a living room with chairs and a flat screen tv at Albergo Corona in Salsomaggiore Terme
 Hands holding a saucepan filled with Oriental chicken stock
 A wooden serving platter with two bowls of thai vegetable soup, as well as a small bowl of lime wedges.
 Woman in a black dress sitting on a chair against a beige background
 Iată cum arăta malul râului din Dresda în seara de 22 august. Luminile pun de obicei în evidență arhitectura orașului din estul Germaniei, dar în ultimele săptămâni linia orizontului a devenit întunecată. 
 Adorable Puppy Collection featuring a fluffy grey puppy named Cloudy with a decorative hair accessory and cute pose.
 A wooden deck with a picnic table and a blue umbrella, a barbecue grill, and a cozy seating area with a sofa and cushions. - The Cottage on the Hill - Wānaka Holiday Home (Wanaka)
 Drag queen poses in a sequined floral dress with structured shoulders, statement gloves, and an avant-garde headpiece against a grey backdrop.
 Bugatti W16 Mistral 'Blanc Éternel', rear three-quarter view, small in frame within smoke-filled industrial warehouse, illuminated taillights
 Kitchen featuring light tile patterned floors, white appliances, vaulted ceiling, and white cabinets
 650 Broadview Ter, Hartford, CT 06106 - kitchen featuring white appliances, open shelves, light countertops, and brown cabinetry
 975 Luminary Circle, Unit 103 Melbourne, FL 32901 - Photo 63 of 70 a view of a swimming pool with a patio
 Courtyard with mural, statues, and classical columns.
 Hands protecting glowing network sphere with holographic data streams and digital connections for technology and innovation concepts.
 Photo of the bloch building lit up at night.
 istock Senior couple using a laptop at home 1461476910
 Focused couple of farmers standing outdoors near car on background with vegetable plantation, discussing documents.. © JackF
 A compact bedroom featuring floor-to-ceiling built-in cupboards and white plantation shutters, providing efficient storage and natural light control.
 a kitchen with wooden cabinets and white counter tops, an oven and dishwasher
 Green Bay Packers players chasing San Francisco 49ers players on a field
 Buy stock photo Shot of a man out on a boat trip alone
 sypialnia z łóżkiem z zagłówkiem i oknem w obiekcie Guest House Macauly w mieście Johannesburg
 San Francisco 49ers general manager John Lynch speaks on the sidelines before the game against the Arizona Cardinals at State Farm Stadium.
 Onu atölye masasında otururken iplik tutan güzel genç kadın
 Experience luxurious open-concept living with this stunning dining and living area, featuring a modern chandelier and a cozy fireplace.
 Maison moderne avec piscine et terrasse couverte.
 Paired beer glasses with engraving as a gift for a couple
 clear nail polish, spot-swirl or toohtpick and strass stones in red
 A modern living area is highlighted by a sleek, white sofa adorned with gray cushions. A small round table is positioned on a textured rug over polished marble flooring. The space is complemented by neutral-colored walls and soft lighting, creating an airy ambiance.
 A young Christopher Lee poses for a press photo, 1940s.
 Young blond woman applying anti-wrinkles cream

• **What is being asked**:
The listing above holds a line with "Photo of the bloch building lit up at night." and a line with "A compact bedroom". Print the stretch from the first through the second, exactly and alone.

• **Task answer**:
 Photo of the bloch building lit up at night.
 istock Senior couple using a laptop at home 1461476910
 Focused couple of farmers standing outdoors near car on background with vegetable plantation, discussing documents.. © JackF
 A compact bedroom featuring floor-to-ceiling built-in cupboards and white plantation shutters, providing efficient storage and natural light control.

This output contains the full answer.